Über Felder und Strände
Im Sommer 1847 brechen sie auf, die Bretagne zu Fuß zu entdecken: Gustave Flaubert und sein Freund Maxime du Camp fangen ihre Wanderung im Süden an, halten sich meist an die Küste und gehen »Über Felder und Strände« – so der Titel ihrer jetzt erstmals vollständig auf Deutsch veröffentlichten gemeinsamen Reiseberichte. Sie sind Mitte Zwanzig, haben erste literarische Arbeiten verfasst und eine glänzende Zukunft vor sich. Im Schatten von »Madame Bovary« oder der »Éducation sentimentale« sind die Reiseberichte aus der Bretagne in Deutschland lange links liegen gelassen worden – zu Unrecht! Welcher Reichtum erschließt sich aus den Beobachtungen der Freunde, welch schöne Impressionen vermitteln sich dem Leser, wie viel Geschichte und Kultur, wie viele Menschen lernt der Leser kennen!

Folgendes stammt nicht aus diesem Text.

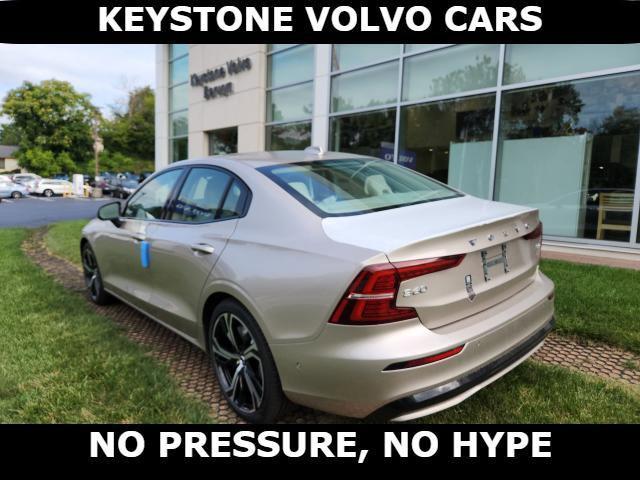 new 2024 Volvo S60 car, priced at $51,295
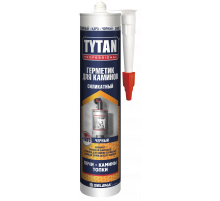 Герметик Силикатный для Каминов Tytan Professional черный 310 мл.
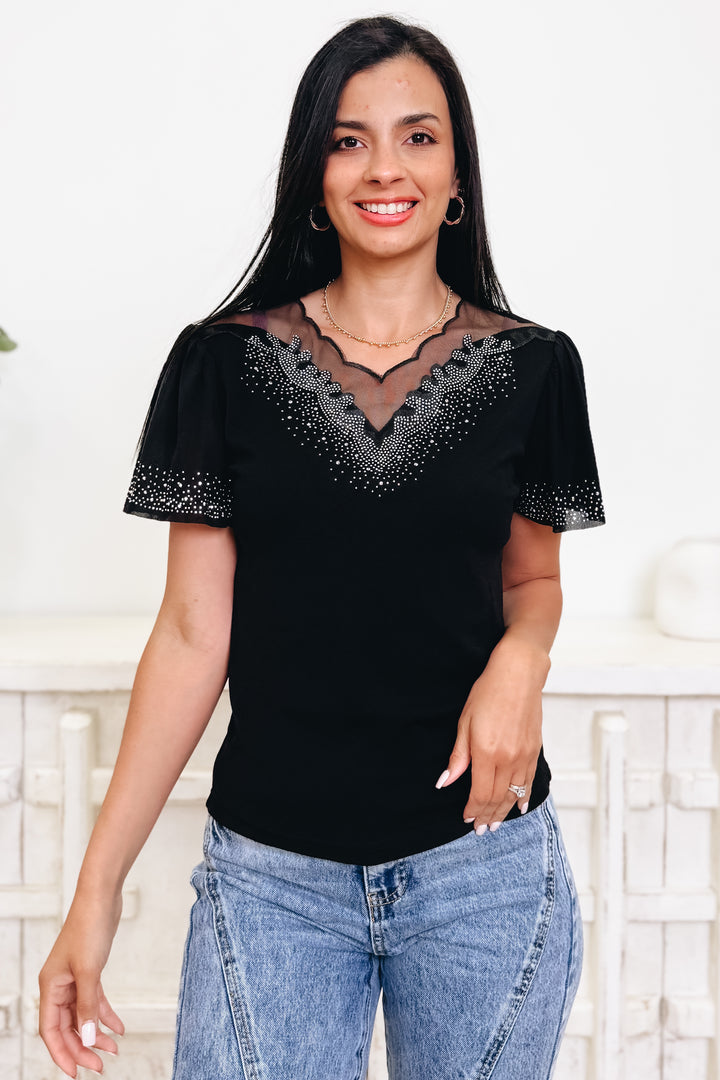 Emboldened Embrace Top - 2 Colors!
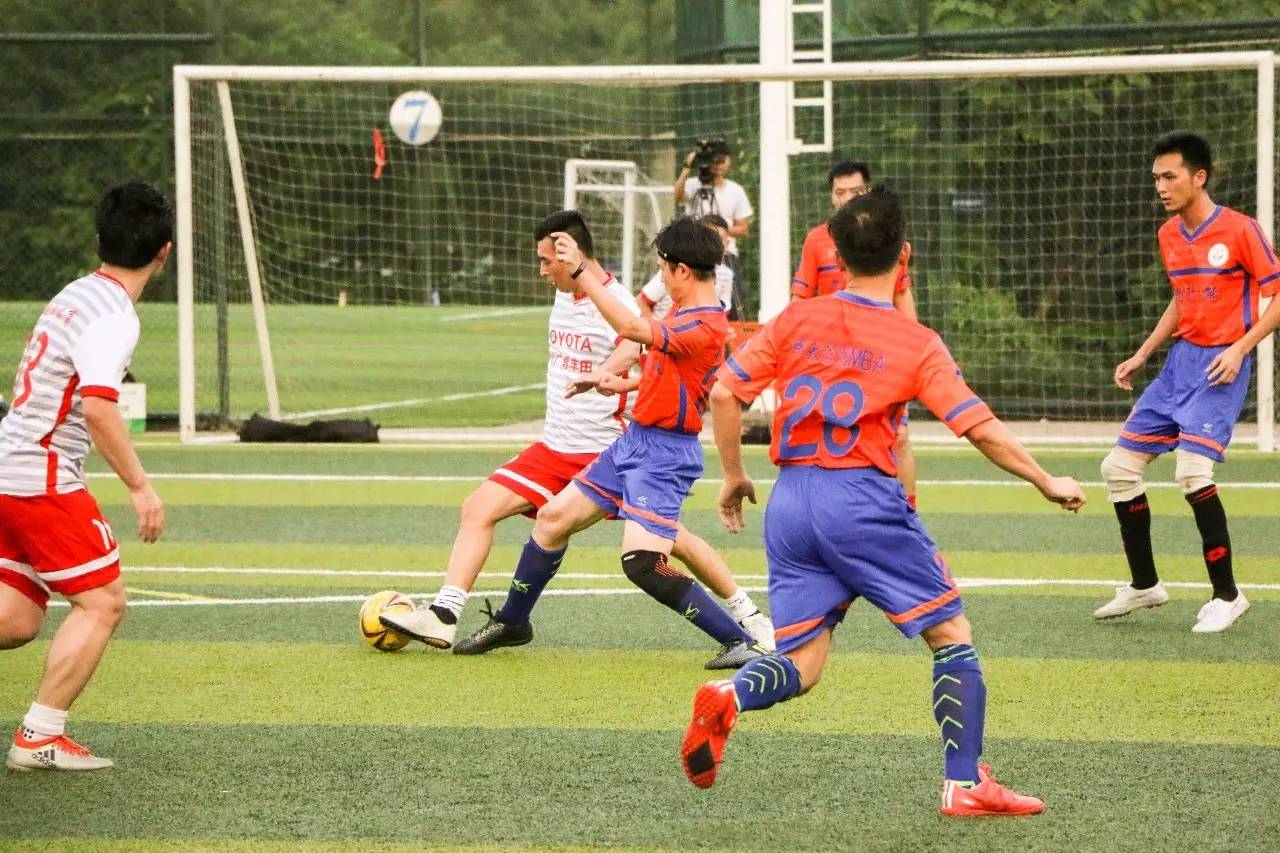 院校行｜中大管院足球队征战华南M超
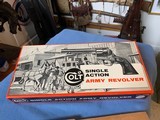 COLT SAA EARLY 2ND GEN WITHSTAGECOACH BOX 2 CYLINDERS SET - 7 of 24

Drei Monate sind sie unterwegs. So »unerhört« es auch für die Arbeitenden auf den Feldern gewesen sein mag, zwei Müßiggänger spazieren zu sehen, so literarisch setzten die beiden ihre in vollen Zügen genossene Freiheit um. Dabei sparen sie nicht mit Kritik. Manche Herberge ist eigentlich unbewohnbar, manches Essen nicht genießbar und manche Kirche einfach hässlich.

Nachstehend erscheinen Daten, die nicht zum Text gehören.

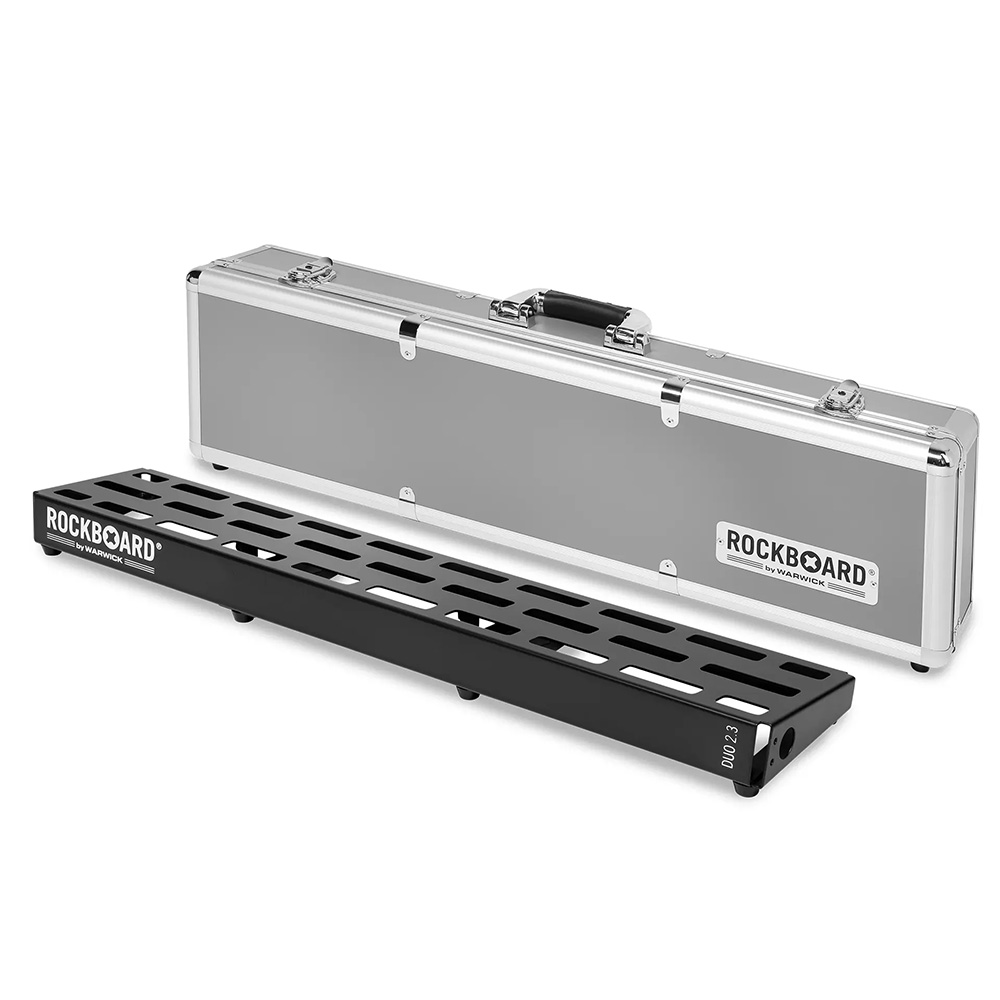 DUO 2.3, Pedalboard with Flight Case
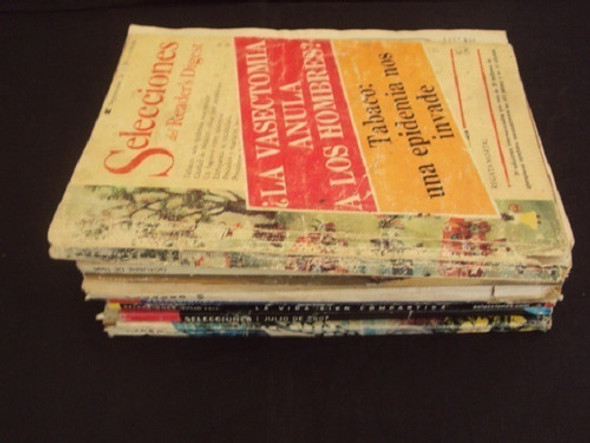 Lote De Revistas Selecciones - 8 Ejs 0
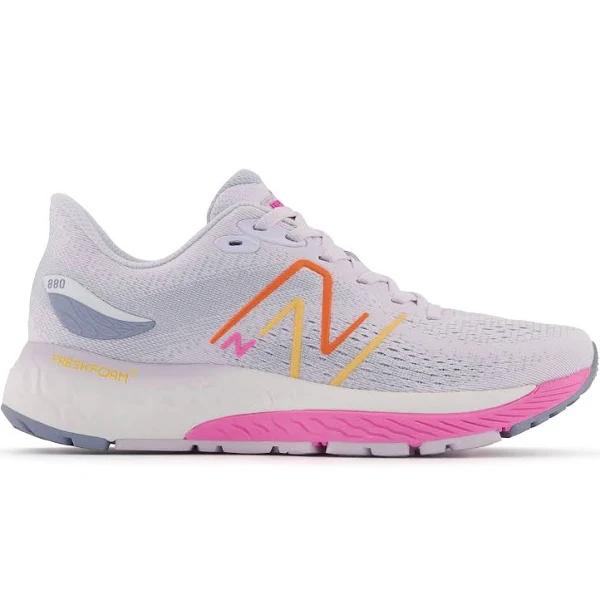 New Balance Women's Fresh Foam x 880v12 Libra/Vibrant Pink/Vibrant Orange/Vibrant Apricot - Size 5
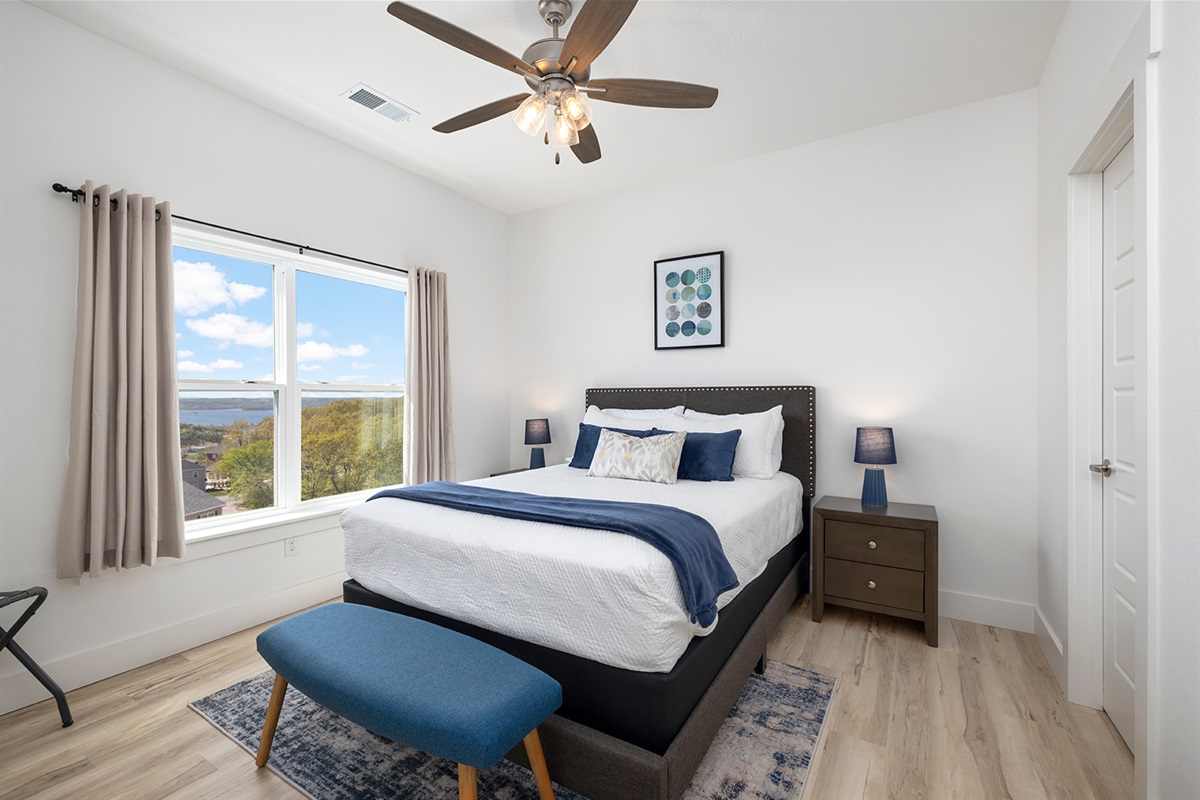 Bedroom #2 on upper level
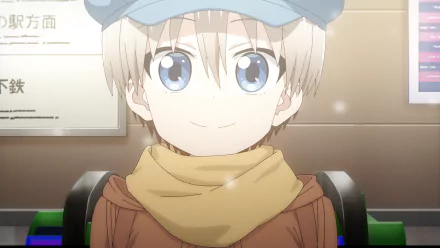 Hana Uzaki Anime Uzaki-chan Wants to Hang Out HD Desktop Wallpaper | Background Image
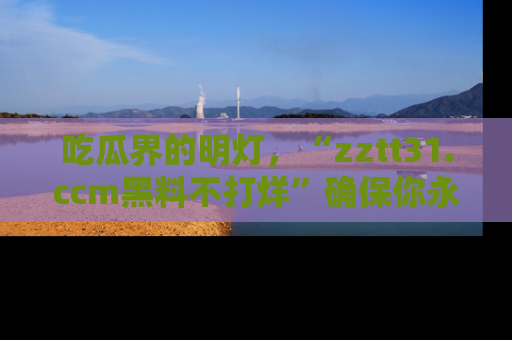 吃瓜界的明灯，“zztt31.ccm黑料不打烊”确保你永不迷路！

Doch die Natur ist – hier bei Saint-Malo – überwältigend und inspiriert zur schönsten gesungenen Prosa: »Der Himmel war rosig, das Meer still und der Wind eingeschlafen. Nicht eine Falte kräuselte die reglose Fläche des Ozeans, welche die untergehende Sonne mit ihrem Gold überschüttete; bläulich nur an den Seiten und dort gleichsam im Nebel verdunstend, war das Meer sonst überall rot und noch feuriger hinten am Horizont, wo sich, so weit man sehen konnte, ein langer Purpurstreifen erstreckte.« Selbst für die »Tugendhaftigkeit« der bretonischen Mädchen haben die Wanderer ein Ohr, wenn ein Lehrer und ein Gastwirt in der Schenke »einhellig erklären, dass die bretonischen jungen Mädchen gerne hinter den Hecken und auf den Strohballen Gott Amor ihr Opfer brächten«.

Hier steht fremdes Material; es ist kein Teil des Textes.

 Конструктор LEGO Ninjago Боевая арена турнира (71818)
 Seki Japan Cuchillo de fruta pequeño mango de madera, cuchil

Neun Jahre später hat Du Camp seine Zeit als Revolutionär von 1848 hinter sich und wird in der von ihm herausgegebenen Zeitschrift »La Revue de Paris« Flauberts »Madame Bovary« veröffentlichen und den Staatsanwalt wegen »Verherrlichung des Ehebruchs« auf den Plan rufen. Die Weltliteratur ist um eines ihrer großen Werke bereichert. Die literarische Kraft dazu hatte Flaubert auf seinen Wanderungen in der Bretagne geschöpft.